Between 1995 and 2004, 60 patients received mechanical mitral (or mitral plus aortic) valve replacement and concomitant CMP. Among them, 22 underwent classic CMP that included five localized cryoablations, and 38 received a CMP without using cryoablations. All patients received periodic follow-up and oral anticoagulation therapy.

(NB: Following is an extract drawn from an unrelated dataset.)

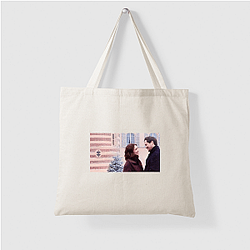 Champagne Problems fan arts Champagne Problems Bags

The demographic features of both groups of patients were comparable. A total of 65 mechanic valves were implanted. Operative data and in-hospital outcomes were insignificant except that the immediate sinus conversion rate was higher in the pure cut-and-sew group. At last follow-up, sinus rhythm was 81.1% in the pure cut-and-sew group (median, 112 months) and 72.7% in the classic CMP group (median, 113 months; p = 0.4541). Actuarial freedom from atrial fibrillation was also similar (5 years, 83.8% versus 76.8%; 10 years, 79.1% versus 70.4%; p = 0.6039). In both groups, the late results of left atrium size were significantly reduced, while the proportion of long-term tricuspid regurgitation was still remarkable.
Mitral valve replacement and concomitant CMP is effective in treating rheumatic valve disease and permanent atrial fibrillation with satisfactory results. A complete cut-and-sew method is technically practicable, and is as effective as the classic CMP in the long term.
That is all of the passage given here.